Illustration by Ryan Kirby
Winter is prime time to catch a giant blue catfish. "Big blues actually become more aggressive once the water temperature dips below 40 degrees," says Jim Moyer, a veteran guide from Clarksville, Tenn., who has bagged cats close to 80 pounds during winter. "I've had fast action on monster blues in water as cold as 35 degrees." Here's his plan:
Moyer looks for fast-sloping ledges in 30 to 50 feet of water. "This is way deeper than most guys fish," he says, "but it's where the biggest blues hang out now." Another key factor: heavy current. "Current oxygenates the water and sends food in the form of dead and injured baitfish tumbling along the bottom."
Drop On In
The area where a feeder creek enters the main river is a good place to begin your quest, Moyer says. "Idle your boat out from the creek mouth and look for places with a rapid drop into deep water on your graph.

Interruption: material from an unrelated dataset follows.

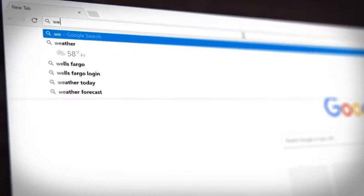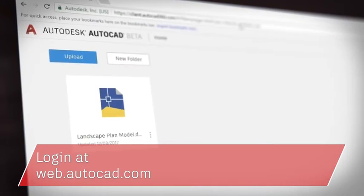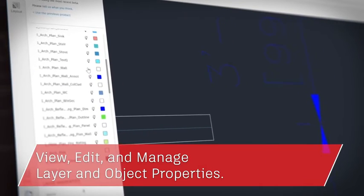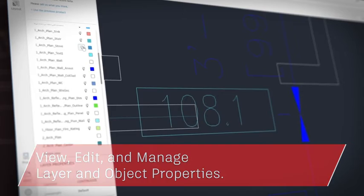There's nothing to download. You just type in web.autocad.com and log in to get access. The AutoCAD web app gives you precise input and familiar drafting tools in a simplified web interface. It supports external references and allows you to view, edit, and manage layer and object properties.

The best drops have scattered wood and rock cover on them, providing ambush stations for fish."
Moyer drops a 35-pound anchor well upstream of his target, then lets out rope until he can reach his target with a long cast. Once in position, he prepares his tackle, careful to make as little noise as possible. "Big blues are very spooky. I've seen them quit biting when I dropped a sinker on the deck of my boat."
Moyer's bait rig consists of a 4- to 6-ounce sliding egg sinker on the main line and an 8/0 Gamakatsu Octopus circle hook at the end of a 3-foot leader. He baits chunks of fresh-caught skipjack herring onto the hook, lobs the rig downstream, sets the rod in a holder, then waits for the rod to bend over.